• [WHAT YOU HAVE TO DO]
Write out nothing except the lines running from the one containing "Yamaha X-Max 400" to the last line of the data, exactly as they stand.

------------------------------------------------

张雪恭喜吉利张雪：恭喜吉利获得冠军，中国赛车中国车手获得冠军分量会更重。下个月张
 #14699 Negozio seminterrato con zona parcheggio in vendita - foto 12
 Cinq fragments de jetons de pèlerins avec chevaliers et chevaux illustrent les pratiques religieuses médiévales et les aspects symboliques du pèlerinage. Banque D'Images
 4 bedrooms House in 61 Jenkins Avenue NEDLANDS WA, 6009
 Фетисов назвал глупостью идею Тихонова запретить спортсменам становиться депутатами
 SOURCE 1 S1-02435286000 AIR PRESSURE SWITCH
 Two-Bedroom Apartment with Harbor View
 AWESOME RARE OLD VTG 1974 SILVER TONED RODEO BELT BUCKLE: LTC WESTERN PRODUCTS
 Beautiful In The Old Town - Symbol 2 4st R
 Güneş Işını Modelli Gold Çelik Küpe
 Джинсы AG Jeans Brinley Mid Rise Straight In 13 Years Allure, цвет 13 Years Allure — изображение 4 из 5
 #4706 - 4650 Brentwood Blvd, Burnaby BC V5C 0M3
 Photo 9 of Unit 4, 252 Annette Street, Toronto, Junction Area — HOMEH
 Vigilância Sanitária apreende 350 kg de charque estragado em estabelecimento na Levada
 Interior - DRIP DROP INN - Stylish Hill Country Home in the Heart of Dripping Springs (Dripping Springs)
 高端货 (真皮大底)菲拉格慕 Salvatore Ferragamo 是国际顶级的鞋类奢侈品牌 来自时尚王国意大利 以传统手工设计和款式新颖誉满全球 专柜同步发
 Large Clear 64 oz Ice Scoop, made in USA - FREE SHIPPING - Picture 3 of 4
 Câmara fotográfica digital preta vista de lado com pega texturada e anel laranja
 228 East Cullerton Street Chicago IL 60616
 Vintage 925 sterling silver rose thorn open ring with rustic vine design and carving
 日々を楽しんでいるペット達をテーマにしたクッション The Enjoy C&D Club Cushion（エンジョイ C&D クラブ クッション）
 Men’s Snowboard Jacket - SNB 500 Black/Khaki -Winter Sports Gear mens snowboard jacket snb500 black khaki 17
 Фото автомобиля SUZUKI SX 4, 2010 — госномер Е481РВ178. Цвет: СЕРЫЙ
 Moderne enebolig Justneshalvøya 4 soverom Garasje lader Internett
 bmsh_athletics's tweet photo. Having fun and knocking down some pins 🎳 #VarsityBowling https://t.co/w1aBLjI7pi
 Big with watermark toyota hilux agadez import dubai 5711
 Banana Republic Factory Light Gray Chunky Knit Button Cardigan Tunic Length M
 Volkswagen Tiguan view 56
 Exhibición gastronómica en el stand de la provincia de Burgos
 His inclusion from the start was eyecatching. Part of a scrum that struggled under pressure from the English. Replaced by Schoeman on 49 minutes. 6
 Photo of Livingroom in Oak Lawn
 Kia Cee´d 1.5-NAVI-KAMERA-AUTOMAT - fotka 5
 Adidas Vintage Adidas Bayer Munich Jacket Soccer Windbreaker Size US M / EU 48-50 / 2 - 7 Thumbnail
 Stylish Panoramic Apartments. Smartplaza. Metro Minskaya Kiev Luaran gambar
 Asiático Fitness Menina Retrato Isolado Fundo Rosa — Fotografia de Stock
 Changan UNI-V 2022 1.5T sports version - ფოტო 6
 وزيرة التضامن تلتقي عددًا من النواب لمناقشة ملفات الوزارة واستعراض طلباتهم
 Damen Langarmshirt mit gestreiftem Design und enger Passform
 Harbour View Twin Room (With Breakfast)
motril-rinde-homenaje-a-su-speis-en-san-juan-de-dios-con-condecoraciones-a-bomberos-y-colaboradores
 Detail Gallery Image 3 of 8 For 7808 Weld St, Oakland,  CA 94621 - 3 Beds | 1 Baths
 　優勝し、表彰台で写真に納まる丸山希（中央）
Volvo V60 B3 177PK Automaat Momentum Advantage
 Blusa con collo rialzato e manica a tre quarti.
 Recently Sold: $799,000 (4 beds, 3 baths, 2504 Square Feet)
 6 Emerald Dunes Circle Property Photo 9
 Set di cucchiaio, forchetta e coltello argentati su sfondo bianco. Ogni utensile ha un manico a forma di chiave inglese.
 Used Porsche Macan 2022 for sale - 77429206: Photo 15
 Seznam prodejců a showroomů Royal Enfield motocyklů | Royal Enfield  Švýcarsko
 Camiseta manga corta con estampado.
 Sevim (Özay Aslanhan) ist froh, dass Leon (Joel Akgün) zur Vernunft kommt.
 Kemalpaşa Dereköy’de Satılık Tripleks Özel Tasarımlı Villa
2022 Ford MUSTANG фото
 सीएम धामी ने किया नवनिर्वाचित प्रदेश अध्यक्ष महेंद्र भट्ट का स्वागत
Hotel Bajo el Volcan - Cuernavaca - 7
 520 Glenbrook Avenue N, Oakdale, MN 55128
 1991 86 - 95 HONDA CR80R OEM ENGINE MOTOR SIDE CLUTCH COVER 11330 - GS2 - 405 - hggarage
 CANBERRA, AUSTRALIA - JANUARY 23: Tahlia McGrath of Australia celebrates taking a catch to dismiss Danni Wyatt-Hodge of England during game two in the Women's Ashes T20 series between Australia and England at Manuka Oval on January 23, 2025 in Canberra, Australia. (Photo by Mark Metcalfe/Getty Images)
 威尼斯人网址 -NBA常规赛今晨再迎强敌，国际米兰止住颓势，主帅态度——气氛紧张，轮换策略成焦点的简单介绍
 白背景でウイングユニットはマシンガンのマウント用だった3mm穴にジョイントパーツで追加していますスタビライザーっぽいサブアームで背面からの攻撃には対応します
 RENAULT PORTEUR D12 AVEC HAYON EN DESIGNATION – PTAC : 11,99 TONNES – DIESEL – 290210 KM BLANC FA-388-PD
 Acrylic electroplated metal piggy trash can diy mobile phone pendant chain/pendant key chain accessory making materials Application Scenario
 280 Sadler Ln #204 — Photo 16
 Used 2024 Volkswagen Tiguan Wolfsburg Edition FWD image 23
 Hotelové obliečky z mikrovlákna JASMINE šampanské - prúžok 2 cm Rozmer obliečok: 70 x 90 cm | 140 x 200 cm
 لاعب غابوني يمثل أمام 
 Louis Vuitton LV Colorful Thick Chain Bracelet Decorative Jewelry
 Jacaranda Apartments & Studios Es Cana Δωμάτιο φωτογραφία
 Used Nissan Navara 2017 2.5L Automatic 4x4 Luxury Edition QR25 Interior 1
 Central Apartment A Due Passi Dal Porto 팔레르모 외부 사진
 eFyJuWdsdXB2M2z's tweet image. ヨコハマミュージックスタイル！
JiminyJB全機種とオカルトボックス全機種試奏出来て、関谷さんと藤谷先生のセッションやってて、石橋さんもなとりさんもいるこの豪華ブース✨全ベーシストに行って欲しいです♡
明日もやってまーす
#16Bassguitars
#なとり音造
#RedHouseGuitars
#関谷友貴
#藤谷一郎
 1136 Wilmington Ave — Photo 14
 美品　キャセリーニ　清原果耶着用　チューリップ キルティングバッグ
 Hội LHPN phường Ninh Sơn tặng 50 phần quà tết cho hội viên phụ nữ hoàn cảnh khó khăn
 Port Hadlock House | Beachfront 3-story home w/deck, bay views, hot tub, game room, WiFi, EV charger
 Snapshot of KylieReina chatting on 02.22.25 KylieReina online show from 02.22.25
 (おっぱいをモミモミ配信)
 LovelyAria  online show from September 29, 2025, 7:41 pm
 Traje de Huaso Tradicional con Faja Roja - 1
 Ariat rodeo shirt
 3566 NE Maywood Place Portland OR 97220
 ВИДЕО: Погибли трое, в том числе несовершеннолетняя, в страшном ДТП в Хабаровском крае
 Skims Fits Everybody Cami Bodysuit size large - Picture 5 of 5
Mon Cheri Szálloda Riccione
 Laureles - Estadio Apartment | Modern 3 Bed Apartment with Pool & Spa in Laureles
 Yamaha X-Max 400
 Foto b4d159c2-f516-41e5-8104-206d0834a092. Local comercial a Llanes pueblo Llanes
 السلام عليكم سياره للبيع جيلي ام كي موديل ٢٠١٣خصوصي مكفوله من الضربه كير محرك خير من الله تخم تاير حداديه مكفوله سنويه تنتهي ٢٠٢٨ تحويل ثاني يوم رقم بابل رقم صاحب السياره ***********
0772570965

------------------------------------------------

• [ANSWER SPACE]
 Yamaha X-Max 400
 Foto b4d159c2-f516-41e5-8104-206d0834a092. Local comercial a Llanes pueblo Llanes
 السلام عليكم سياره للبيع جيلي ام كي موديل ٢٠١٣خصوصي مكفوله من الضربه كير محرك خير من الله تخم تاير حداديه مكفوله سنويه تنتهي ٢٠٢٨ تحويل ثاني يوم رقم بابل رقم صاحب السياره ***********
0772570965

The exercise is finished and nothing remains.